On the left, a proposed layout for a gallery show. On the right, the conceptual design of the show.
The challenge of creativity is the discipline of harnessing, utilizing, and focusing the primal energy of our minds and bodies. The tangible results of the practice of this discipline are artifacts. At a first approximation, we can distinguish our artifacts into two broad categories; Juju and art. Juju refers to pieces that have lost the power of informing present decisions. Art refers to pieces that carry meaning as decision points in a present context. First we achieve conscious competency, which then becomes unconscious competency. The distinction is purely one of cognition, artifacts that are once classified as art become juju once the lessons learned in its creation are subliminal and put out of conscious mind.
These artifacts, whether considered juju or art, are a subset of the known objects of the universe. An object carries contextual meaning beyond its platonic essence by virtue of its creator. Much of the focus and work of modern art has been the search to shortcut this process. A found object is one which carries contextual meaning by virtue of having been found and placed deliberately in a different context. It is not just the creator, but the organizer or viewer, who imparts relevant meaning to an object according to the modern artist.
Mr. Buchanan-Smith has always been interested in the small stuff. For his thesis project at the School of Visual Arts, which he later turned into a book, “Speck: A Curious Collection of Uncommon Things,” published by Princeton Architectural Press, he invited artists and other obsessives to explore everyday ephemera — things like dust, the inside of a pocketbook, the bottoms of sneakers — in words and pictures.
Kim Hastreiter, an editor of Paper magazine and his former boss, said: “Peter is like a regular guy with an eccentric way of thinking, and he’s interested in things that function. You know he loves a Shaker table. He probably loves a yellow pencil or a bar of Ivory soap or a paper clip or a well-designed tube of toothpaste. It’s all about stuff that’s what it is. That’s an idea that’s really popular right now.”
New York Times, 2010
The point is valid, but trivial. To demonstrate that we can find things and place them elsewhere is the act of being alive, but I am unconvinced that a demonstrator in this sense should be classified as a creative artist. To redefine art and artist this broadly renders it meaningless as a distinctive descriptor.
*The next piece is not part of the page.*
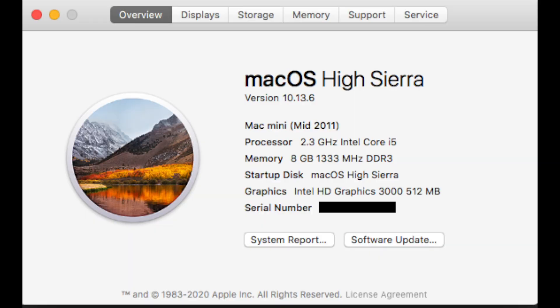This is actually dual booted — we have macOS High Sierra and Windows 7 64-bit. I'm going to do macOS High Sierra first. As you can see, this is the base model Core i5 with upgraded RAM.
Yes, it is a valid choice to blanch any construct of meaning in a logical sense, but the point of creating descriptors is to render meaningful distinctions in order to make sense of our world.
Words, categories and ontologies are only what we make of them. True mastery of any discipline, including language, is the ability to direct one's unconscious according to will. Modern art's logical progression is using conscious energy to unfocus conscious decision making. Everything becomes valid as an artistic choice, which is the same as saying that nothing is valid. The fissure is evident in the wider culture. There is the insular, epistemological closure of the art world and its obsessive concern with context coupled with the wider public's disdain and distrust for art. If anything can carry any meaning, then meaning is voided. The point has been demonstrated, yes, we can render our world meaningless, but why would we choose to do this once we realize we can make that choice?
Besides, creative nihilism is such a drag.